### Instructions for the task
Without any pictures, retype exactly the lines from the one with "Close up of" through the final line of the records.

--- START ---

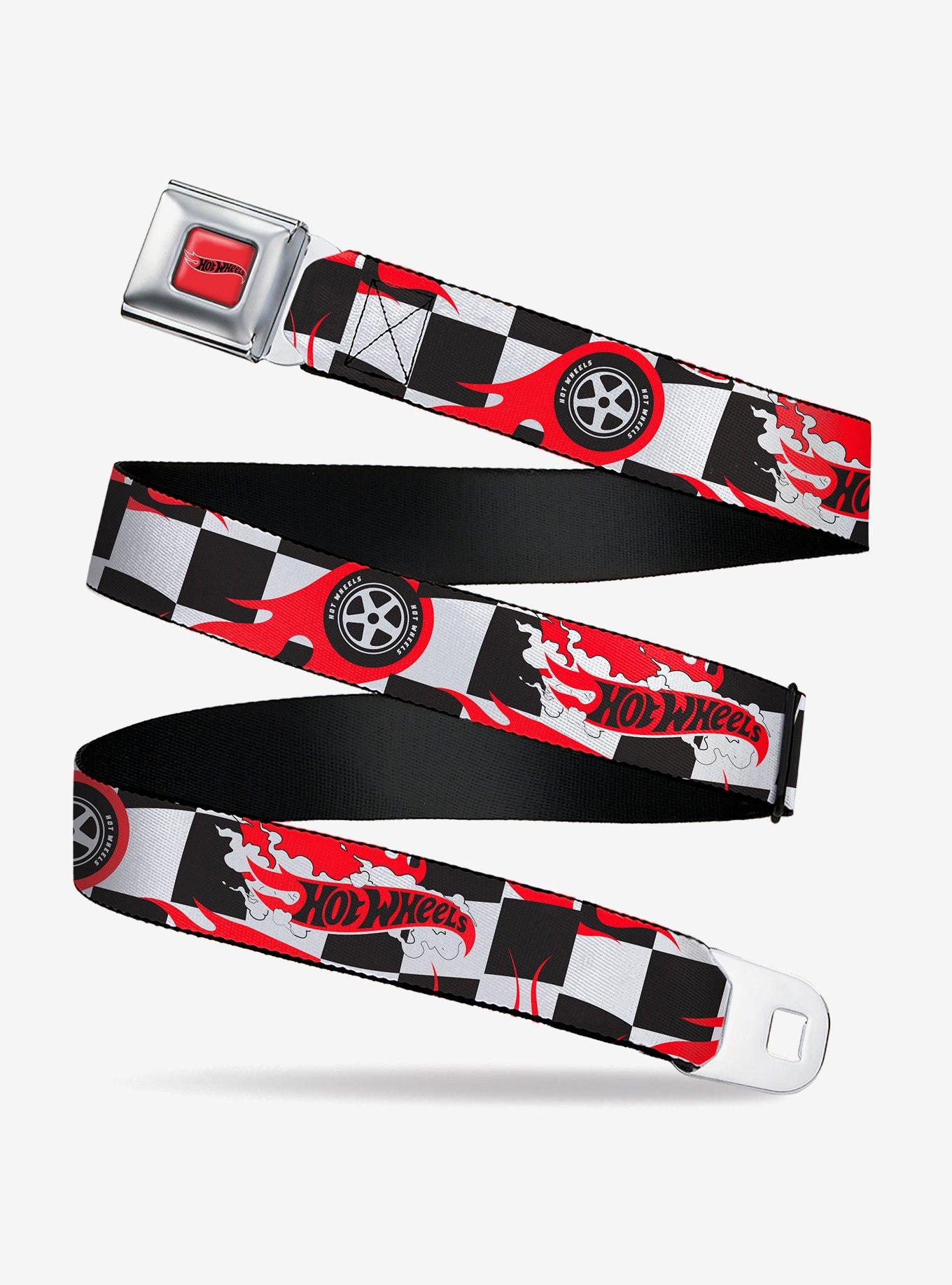 Hot Wheels Logo & Tire Burn Out Checker Seatbelt Buckle Belt, MULTI, hi-res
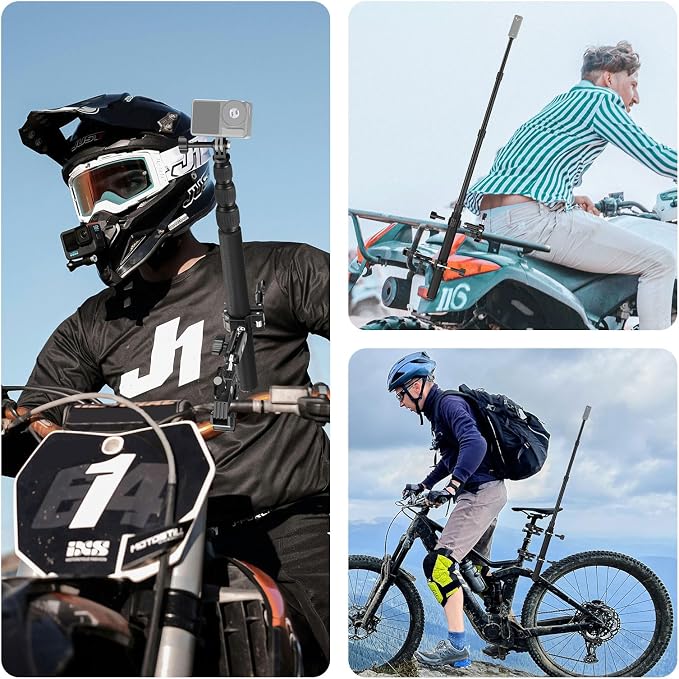 NEEWER Motorcycle Camera Mount Kit, Bicycle Handlebar Invisible Selfie Stick - Image 7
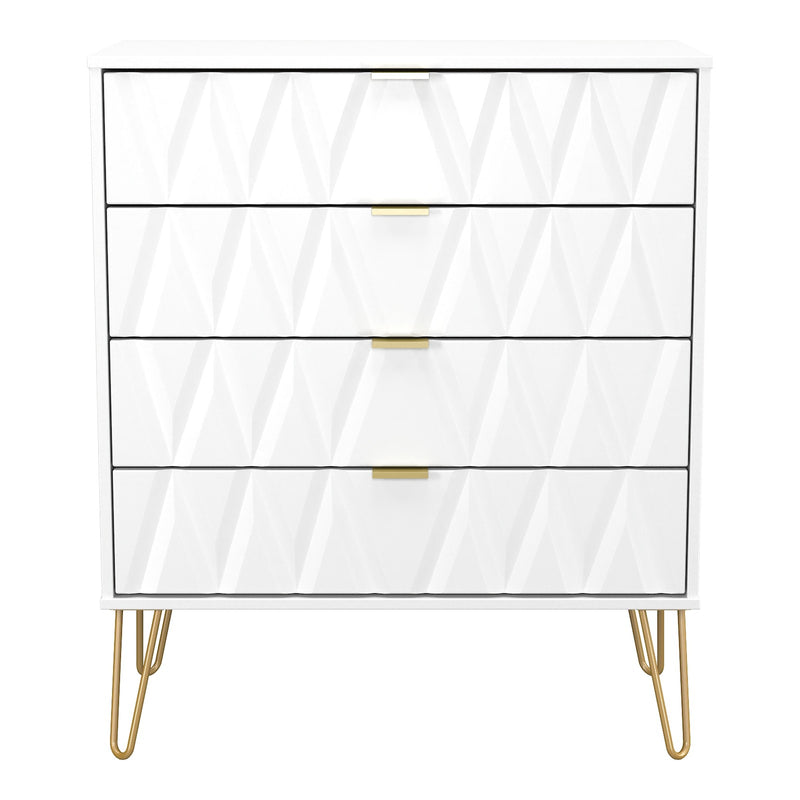 Diamond 4 Drawer Wide Chest of Drawers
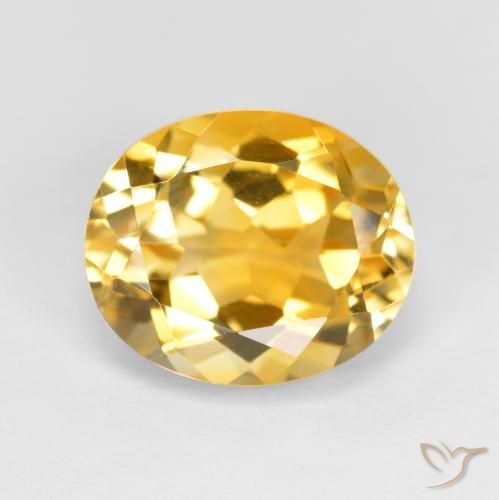 3.63ct Natural Medium-Dark Golden Citrine, Oval, VVS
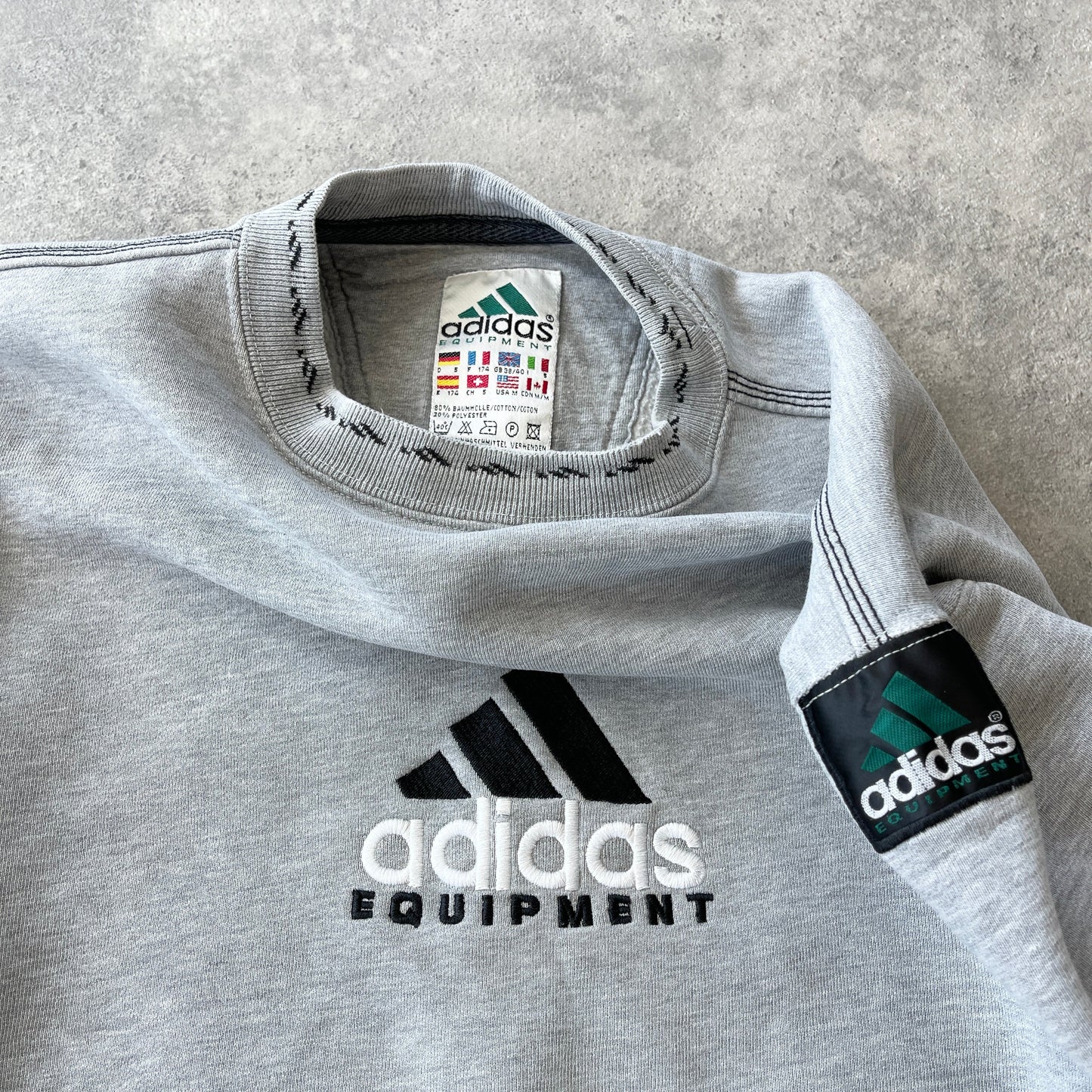 Adidas Equipment 1990s heavyweight embroidered sweatshirt (M)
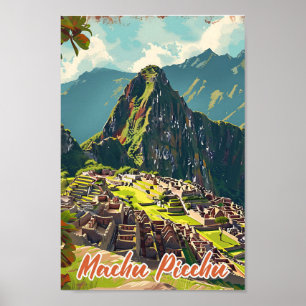 Póster Machu Picchu Perú Ilustracion de viajes artísticos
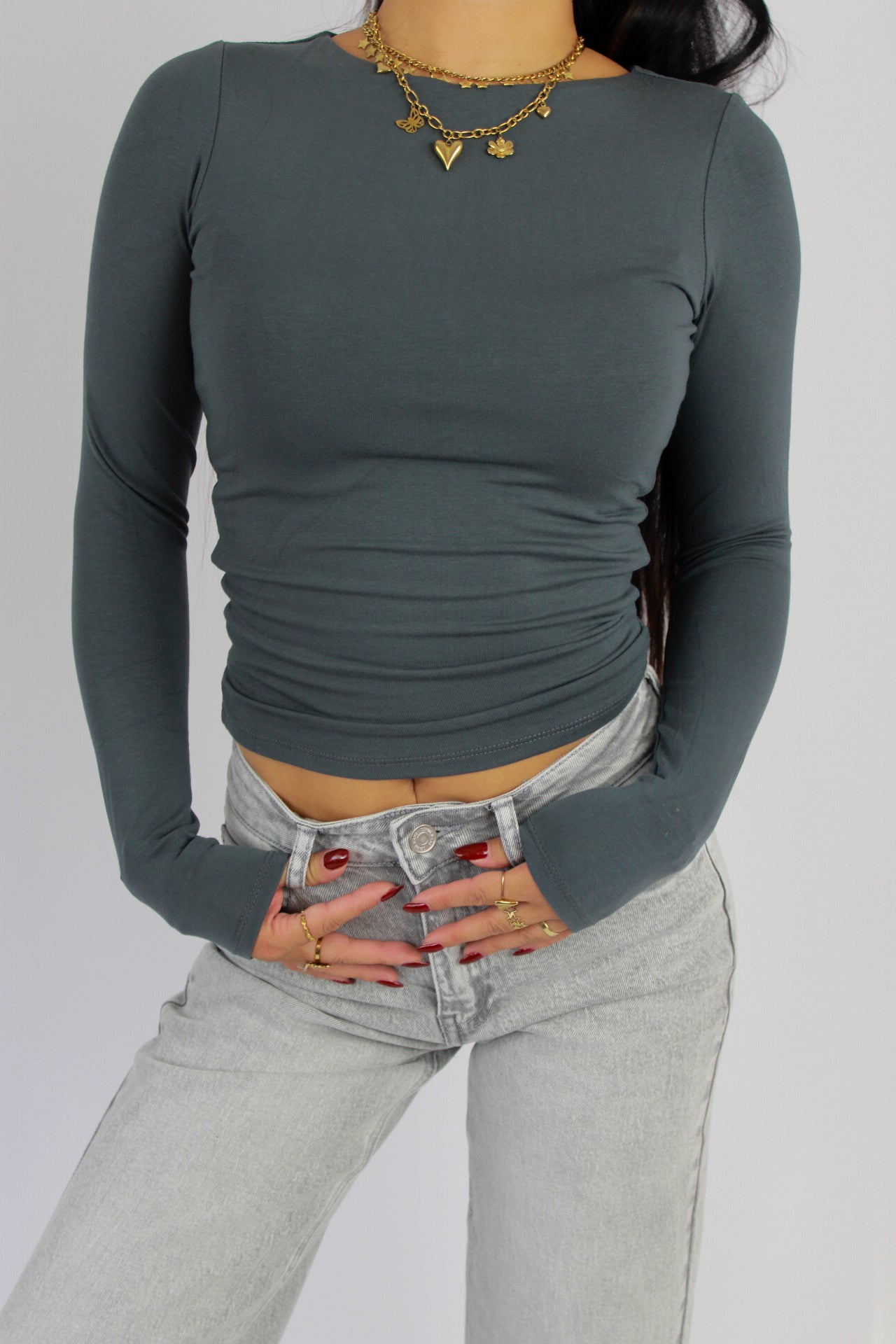 POSY LONG SLEEVE TOP - DARK GREY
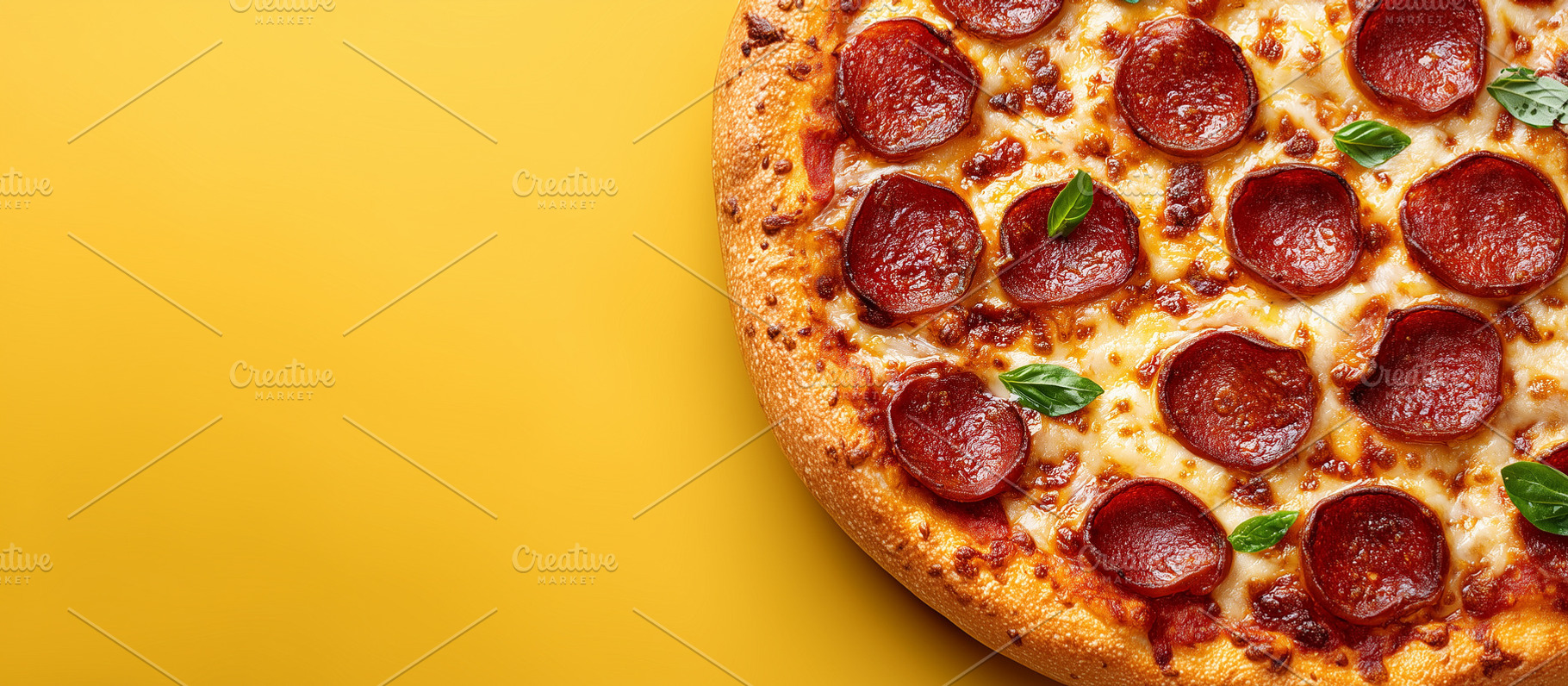 Close up of a hot pepperoni pizza, a Food & Drink Photo by MistyDay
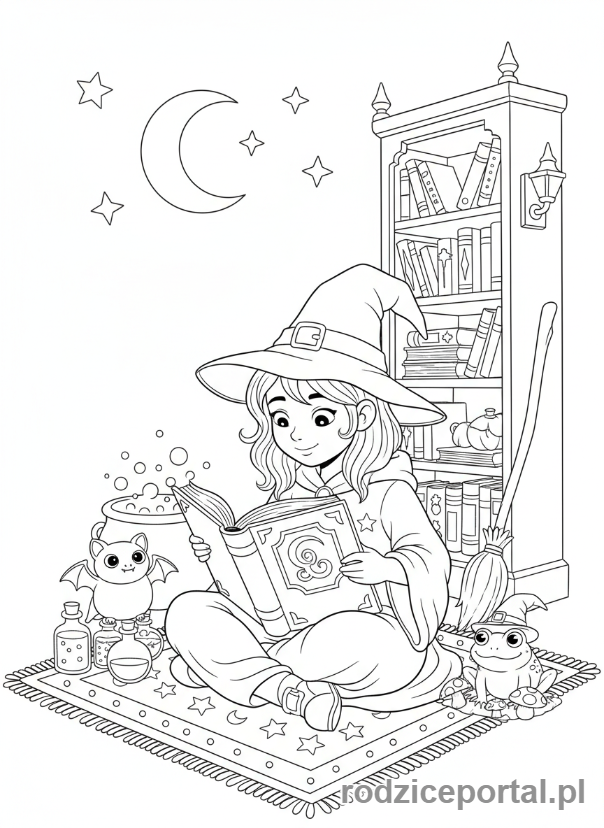 Kolorowanka Czarownica - Młoda czarownica uczy się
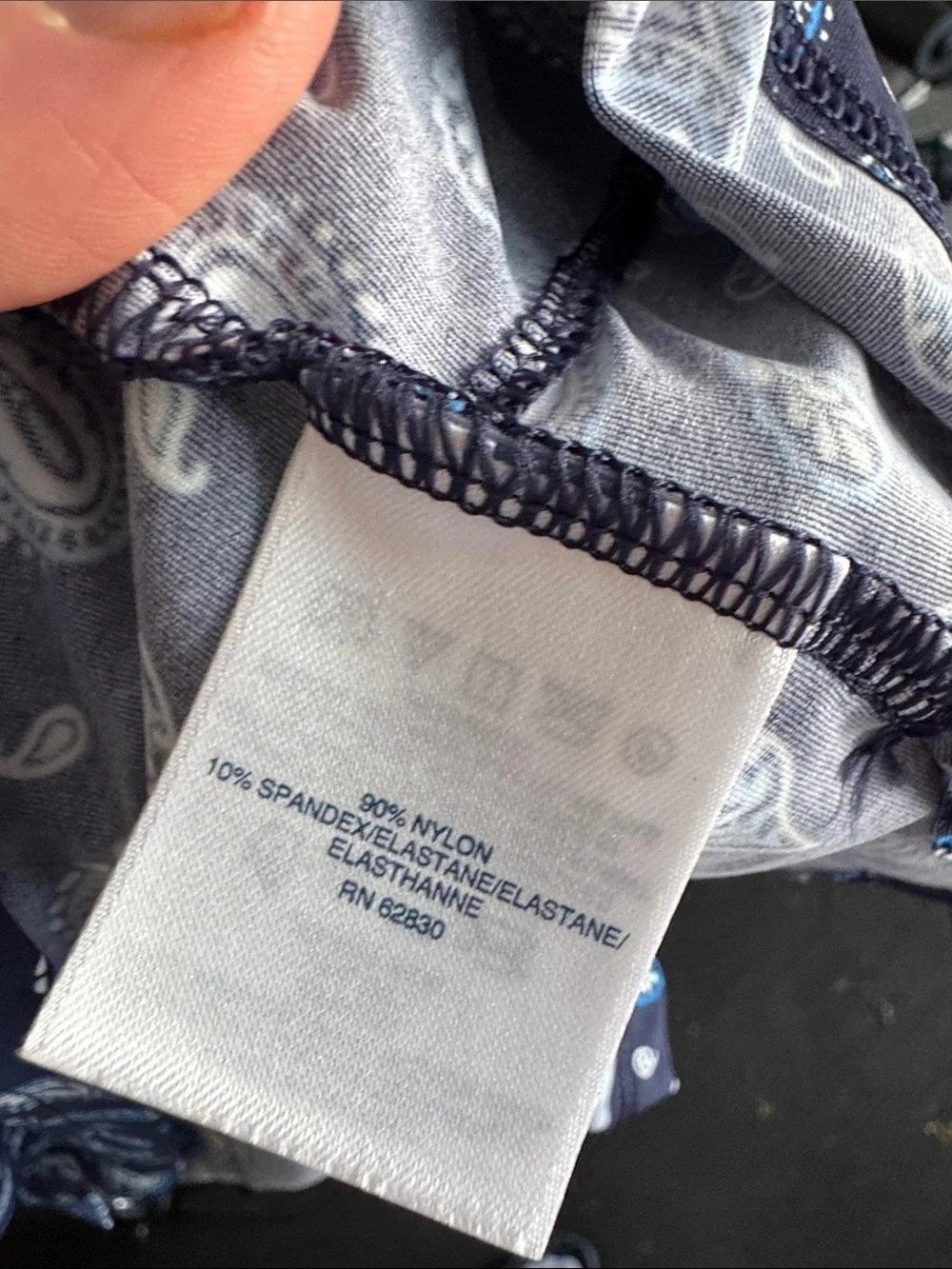 Lands' End Navy Blue Paisley Swim SPF coverup size Medium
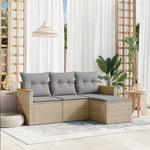 HKH 4 Pcs Conj. Sofás Jardim C/ Almofadões Vime Pe Misturado - Bege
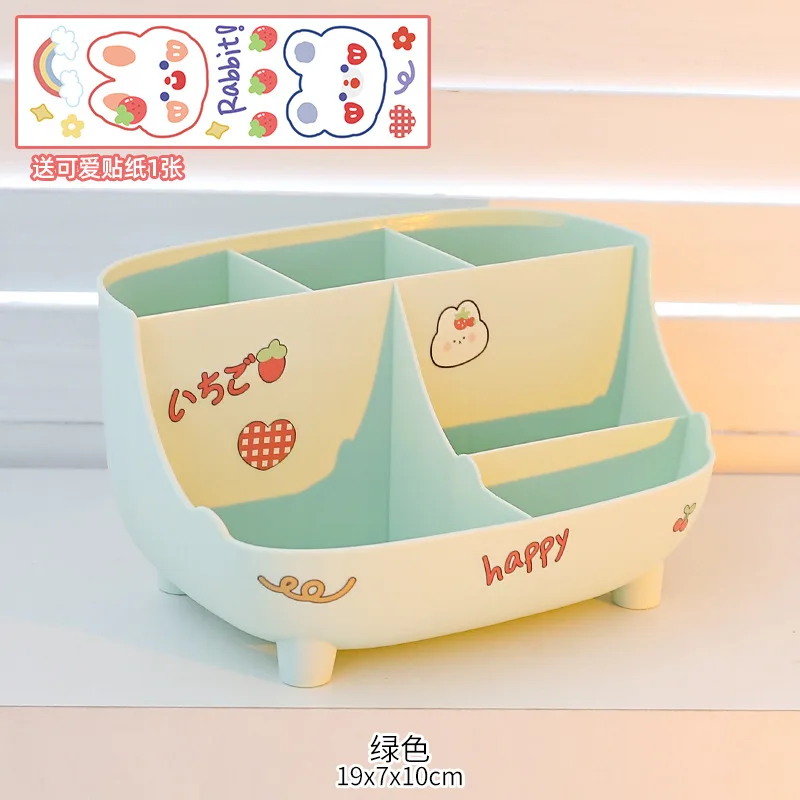 Ins Cute Kawaii Pen Holder Organizer Kids Girl Student Office Desktop Fashion Large Capacity Stationery Storage Box Organizer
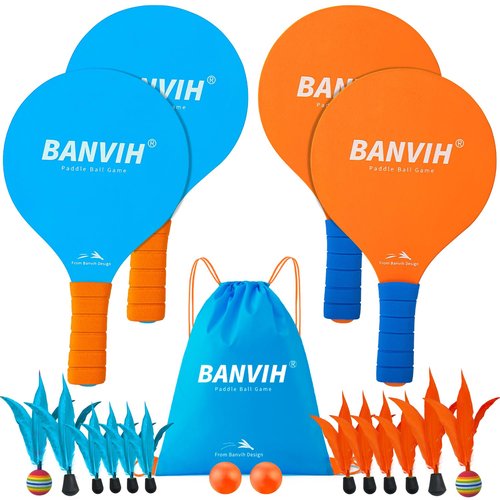 Banvih Badminton Set 4 Rackets - Beach Games & Yard Games for Adults and Family, Outdoor Games for Kids 8-12, Paddle Ball Set with Birdies, Lawn & Camping Games, Beach Toys for Summer Fun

--- END ---

### Answer to the exercise
 Close up of a hot pepperoni pizza, a Food & Drink Photo by MistyDay
 Kolorowanka Czarownica - Młoda czarownica uczy się
 Lands' End Navy Blue Paisley Swim SPF coverup size Medium
 HKH 4 Pcs Conj. Sofás Jardim C/ Almofadões Vime Pe Misturado - Bege
 Ins Cute Kawaii Pen Holder Organizer Kids Girl Student Office Desktop Fashion Large Capacity Stationery Storage Box Organizer
 Banvih Badminton Set 4 Rackets - Beach Games & Yard Games for Adults and Family, Outdoor Games for Kids 8-12, Paddle Ball Set with Birdies, Lawn & Camping Games, Beach Toys for Summer Fun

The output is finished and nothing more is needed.